Susana, otra vecina, crió a sus hijos allí y hoy, ya jubilada, encontró en el centro Dejando Huellas una nueva razón para disfrutar. Con unos 80 socios, el espacio ofrece actividades físicas, reciclado, viajes y celebraciones. Hasta visitaron Tucumán, y la idea, según Susana, es que nadie se quede afuera.
Fe y comunidad: la parroquia Santísimo Sacramento
La parroquia es otro pilar del barrio. Sandra, vecina desde hace 49 años, participa activamente y recuerda sus inicios en los grupos de jóvenes.

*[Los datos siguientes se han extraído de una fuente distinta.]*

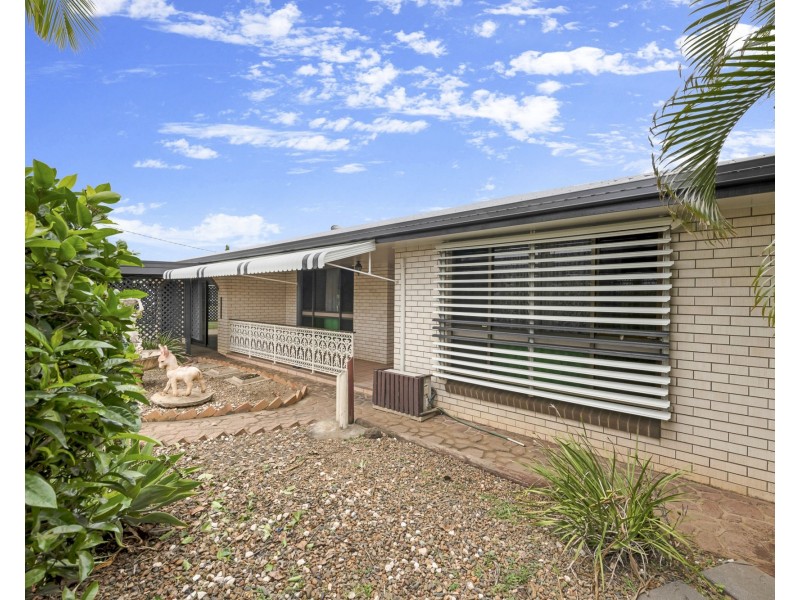 4 Deegan Court, Avenell Heights QLD 4670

Hoy, la parroquia organiza grupos de oración, misas de sanación los martes y acciones de Cáritas. Sandra también colabora con la campaña de la Virgen de Schoenstatt, buscando un terreno para construir un santuario en Santiago del Estero.
Alejandra, nacida y criada en el Borges, observa cómo el barrio creció: hoy cuenta con UPA, centro de salud, escuelas, jardín municipal, plazas, polideportivo y destacamento. La plaza Moisés Salazar, frente a la parroquia, es punto de encuentro para hacer ejercicio, y la del sector COESA fue renovada con juegos inclusivos. Sin embargo, Alejandra advierte que aún hay desafíos, como el consumo problemático de drogas entre los jóvenes, y pide más espacios de contención para las familias.

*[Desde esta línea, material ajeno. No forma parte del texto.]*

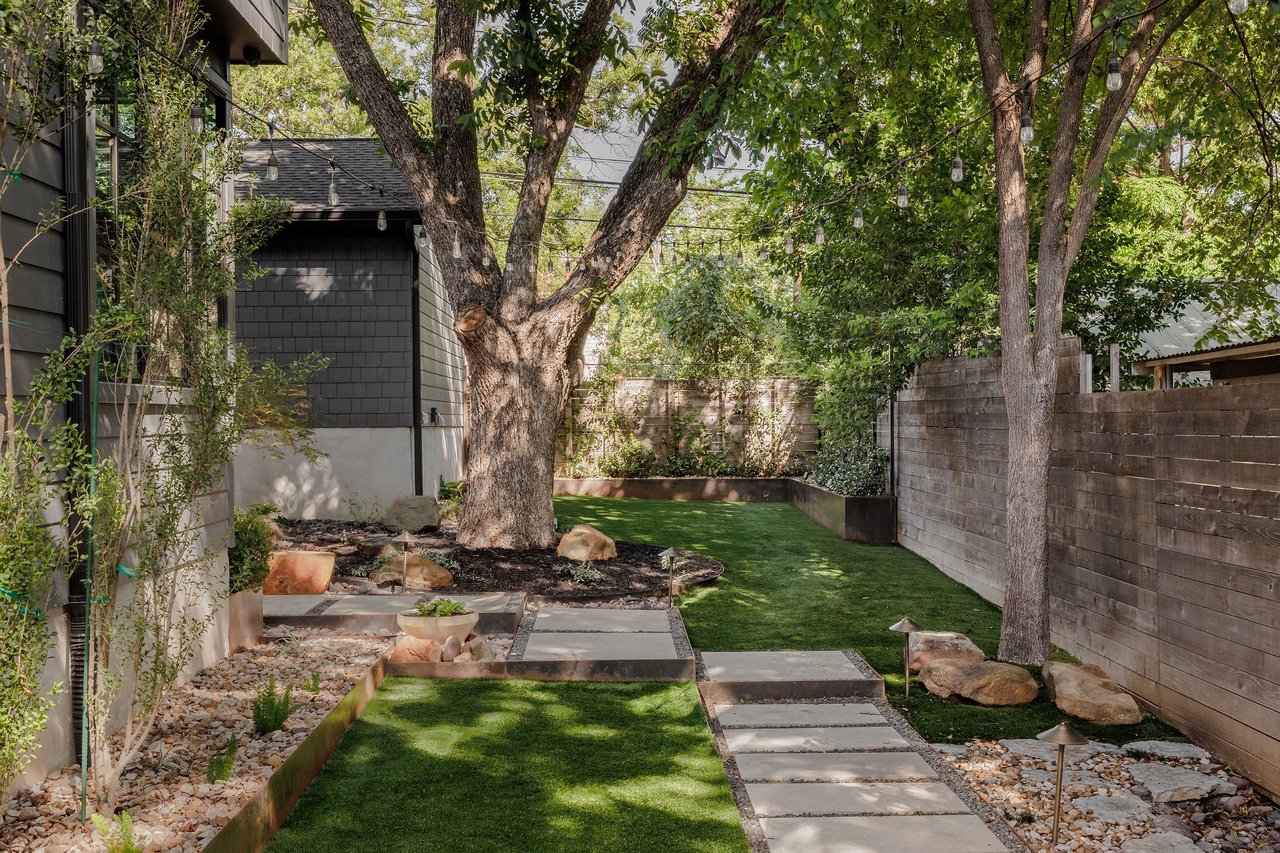 A Classic East Coast Reinterpretation in Travis Heights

Más de 26 años alimentando al barrio
El comedor municipal del Borges empezó en la parroquia y luego pasó a manos de la Municipalidad. Una trabajadora que está desde 2002 cuenta que hoy se reparten unas 60 raciones diarias para niños, adolescentes y adultos, de lunes a viernes, adaptándose a los horarios escolares. Pero allí no solo se sirve comida: es un lugar donde se detectan necesidades y se articulan redes de ayuda. Por ejemplo, si una directora de escuela avisa que llegó una familia con chicos sin escolarizar, desde el comedor contactan a las instituciones para resolverlo.
"Primero está el vecino", dicen, y esa frase resume una filosofía que viene de los fundadores. Después de casi cinco décadas, el Borges sigue siendo ese rincón donde se conoce al vecino por su nombre, donde un saludo lleva a una charla y donde la solidaridad es la forma más simple de pertenecer.